60.	Eddy currents can be used to heat localized tissues of the human body. What is this branch of science referred to as?(a) Inductology(b) Eddy dynamics(c) Inductothermy(d) Eddy mechanicsThis question was posed to me during an interview for a job.My enquiry is from Electromagnetic Induction topic in division Electromagnetic Induction of Physics – Class 12
Answer» The correct option is (C) Inductothermy The best explanation: EDDY currents can be USED to heat localized tissues of the human body. This branch is called inductothermy.

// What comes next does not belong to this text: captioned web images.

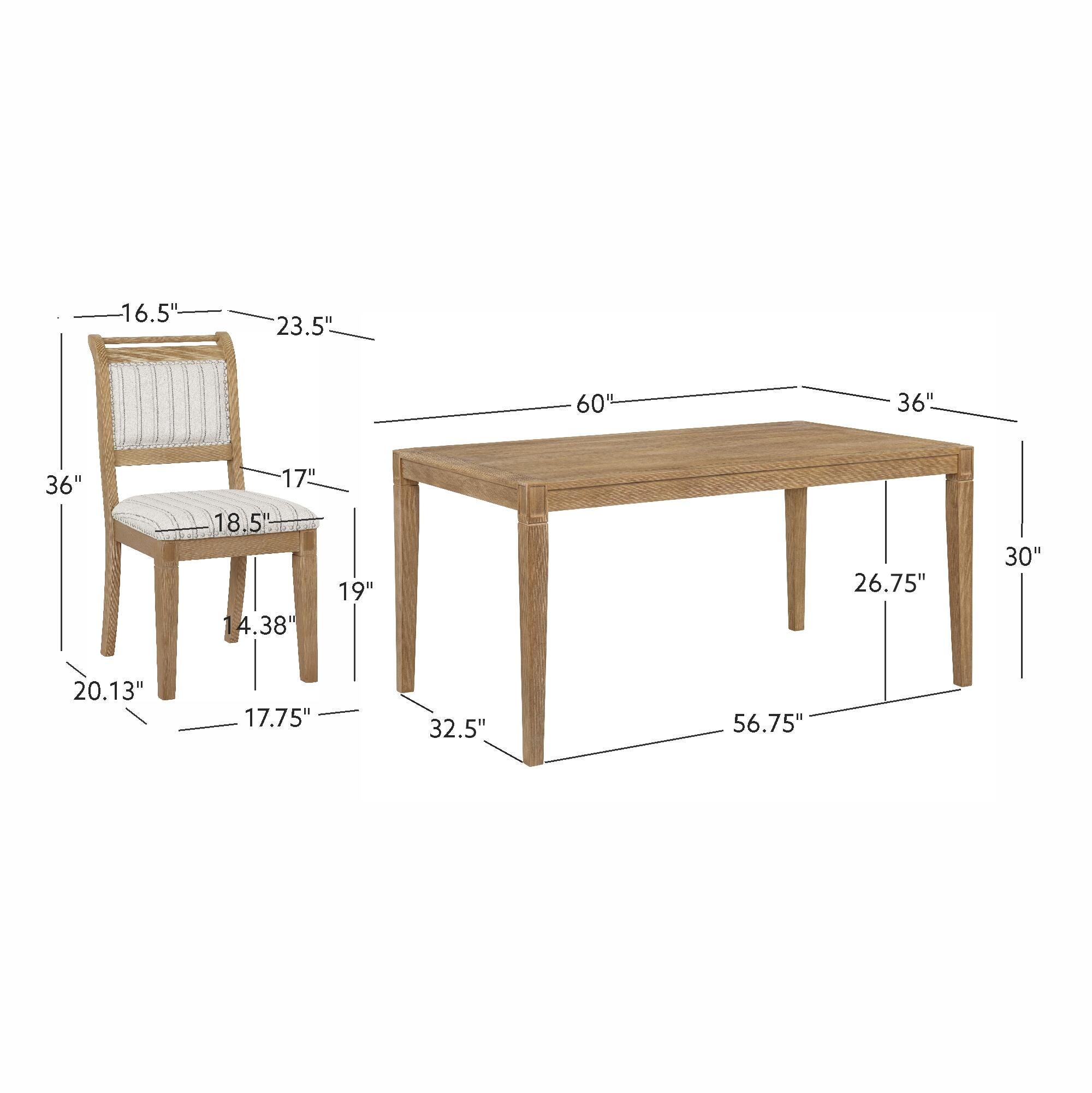 Linon Meri Rectangular Dining Table and 6 Chairs, , large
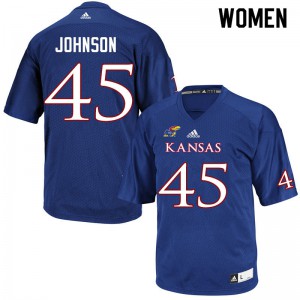 Women University of Kansas #45 Issaiah Johnson Royal Football Jersey 529411-426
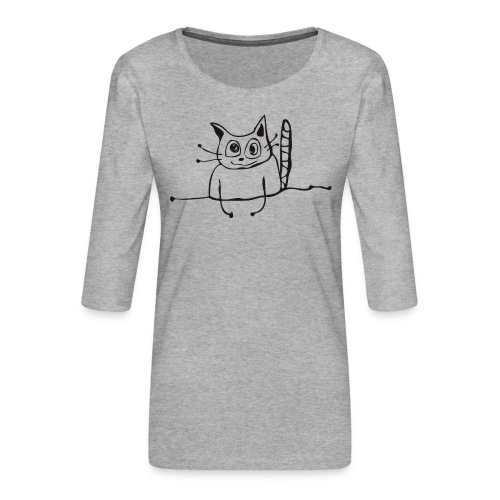 Freundliche Katze - Frauen Premium 3/4-Arm Shirt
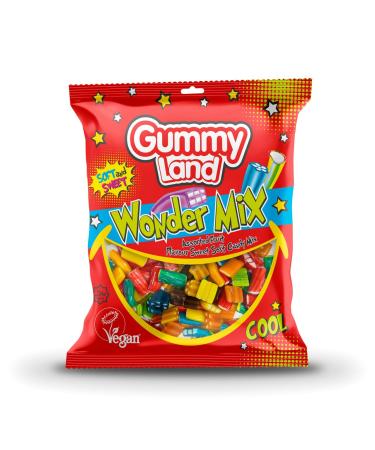 Gummy Land Assorted Fruit Flavour Sweet Soft Candy Vegan Halal -500g - Buy Online on GoSupps.com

Inductothermy is a method of electrotherapeutics in which certain parts of the body of the patient are heated by an alternating, predominantly high-frequency electromagnetic FIELD, which INDUCES eddy currents in body tissues.

61.	Pick out the expression for power in a rectangular conductor from the following.(a) P=\(\frac {B^2 l^2 v}{R}\)(b) P=\(\frac {B^2 lv^2}{R}\)(c) P=\(\frac {B^2 l^2 v^2}{R}\)(d) P=\(\frac {B^2 l^2 v^2}{R^2}\)I had been asked this question by my school principal while I was bunking the class.This intriguing question originated from Energy Consideration: A Quantitative Study topic in section Electromagnetic Induction of Physics – Class 12
Answer» The CORRECT choice is (c) P=\(\frac {B^2 l^2 v^2}{R}\) Easy explanation: In a rectangular CONDUCTOR, the emf (E) is given ➔ Blv So, current (I) = \(\frac {E}{R} = \frac {Blv}{R}\) POWER (P) = I^2R P=\(\frac {B^2 l^2 v^2}{R}\) The work DONE is mechanical and this mechanical energy is dissipated as Joule heat.